Dataset content –
**********
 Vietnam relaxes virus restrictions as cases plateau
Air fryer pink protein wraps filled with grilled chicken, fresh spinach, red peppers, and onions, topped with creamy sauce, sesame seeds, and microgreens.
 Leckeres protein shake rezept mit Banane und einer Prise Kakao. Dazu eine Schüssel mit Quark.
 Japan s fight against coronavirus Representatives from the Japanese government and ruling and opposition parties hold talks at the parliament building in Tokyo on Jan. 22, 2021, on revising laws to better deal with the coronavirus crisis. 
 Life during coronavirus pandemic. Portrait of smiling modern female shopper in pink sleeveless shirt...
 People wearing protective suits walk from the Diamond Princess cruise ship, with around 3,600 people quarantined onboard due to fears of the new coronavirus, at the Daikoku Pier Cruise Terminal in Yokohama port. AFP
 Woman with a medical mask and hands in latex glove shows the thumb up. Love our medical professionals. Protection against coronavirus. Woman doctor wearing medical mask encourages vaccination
**********
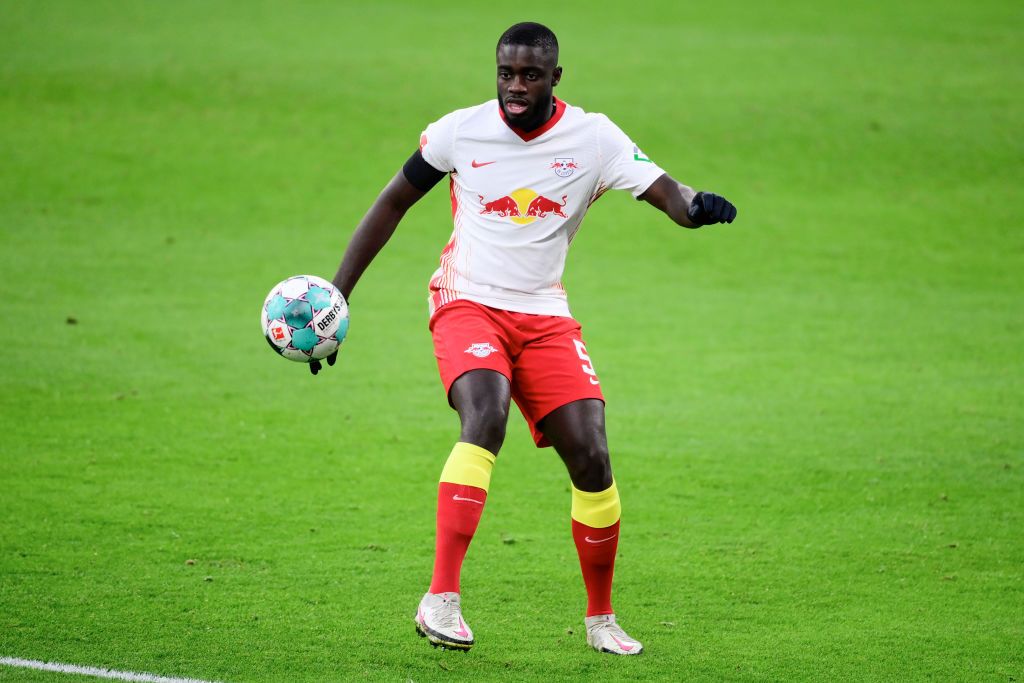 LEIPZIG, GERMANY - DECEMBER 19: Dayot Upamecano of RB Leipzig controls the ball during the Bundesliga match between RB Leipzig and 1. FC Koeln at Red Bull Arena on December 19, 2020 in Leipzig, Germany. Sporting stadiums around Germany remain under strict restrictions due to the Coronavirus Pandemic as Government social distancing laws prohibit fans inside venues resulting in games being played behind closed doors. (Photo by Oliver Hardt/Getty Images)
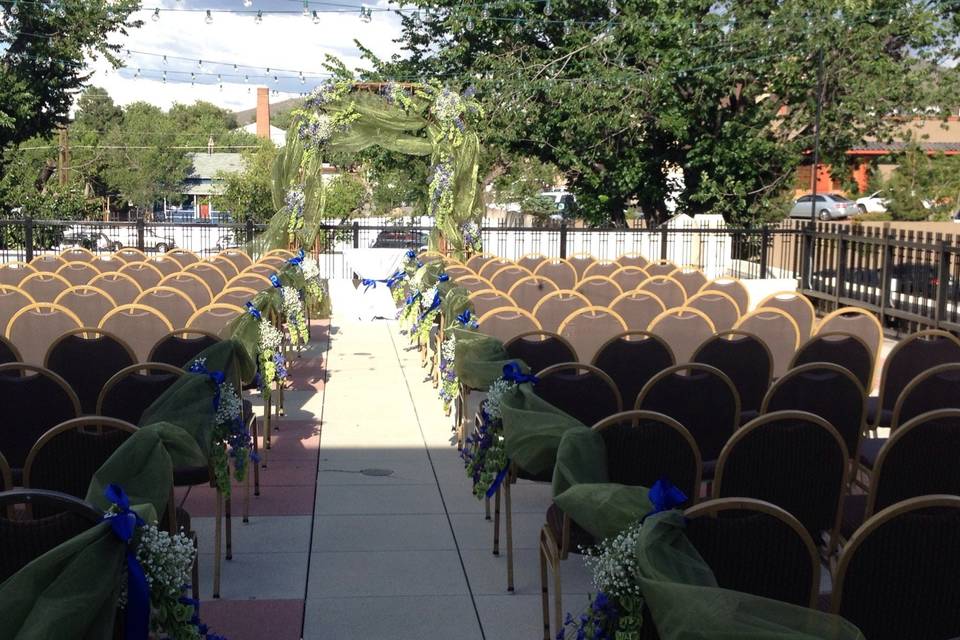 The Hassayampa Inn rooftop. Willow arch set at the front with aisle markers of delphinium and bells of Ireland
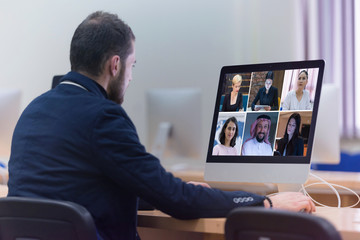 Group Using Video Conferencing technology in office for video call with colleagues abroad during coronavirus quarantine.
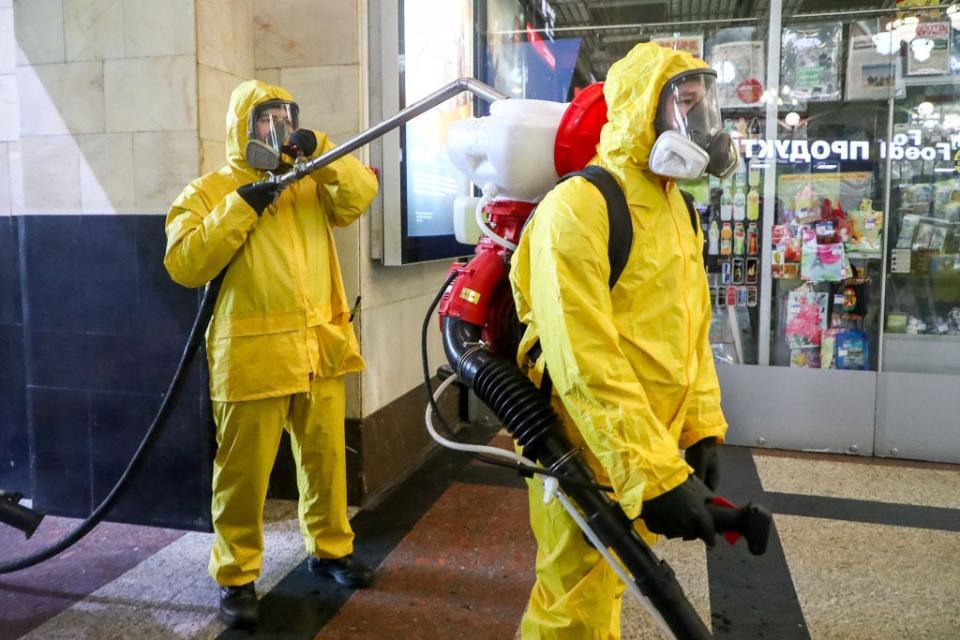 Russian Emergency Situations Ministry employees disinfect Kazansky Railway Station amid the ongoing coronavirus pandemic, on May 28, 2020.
**********
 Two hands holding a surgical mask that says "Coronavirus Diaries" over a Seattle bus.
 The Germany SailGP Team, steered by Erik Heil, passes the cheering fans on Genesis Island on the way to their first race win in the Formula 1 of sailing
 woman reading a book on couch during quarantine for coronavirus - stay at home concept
**********
About this task –
Where a line of the data contains "wearing", copy that line.

Solution to this problem –
 People wearing protective suits walk from the Diamond Princess cruise ship, with around 3,600 people quarantined onboard due to fears of the new coronavirus, at the Daikoku Pier Cruise Terminal in Yokohama port. AFP
 Woman with a medical mask and hands in latex glove shows the thumb up. Love our medical professionals. Protection against coronavirus. Woman doctor wearing medical mask encourages vaccination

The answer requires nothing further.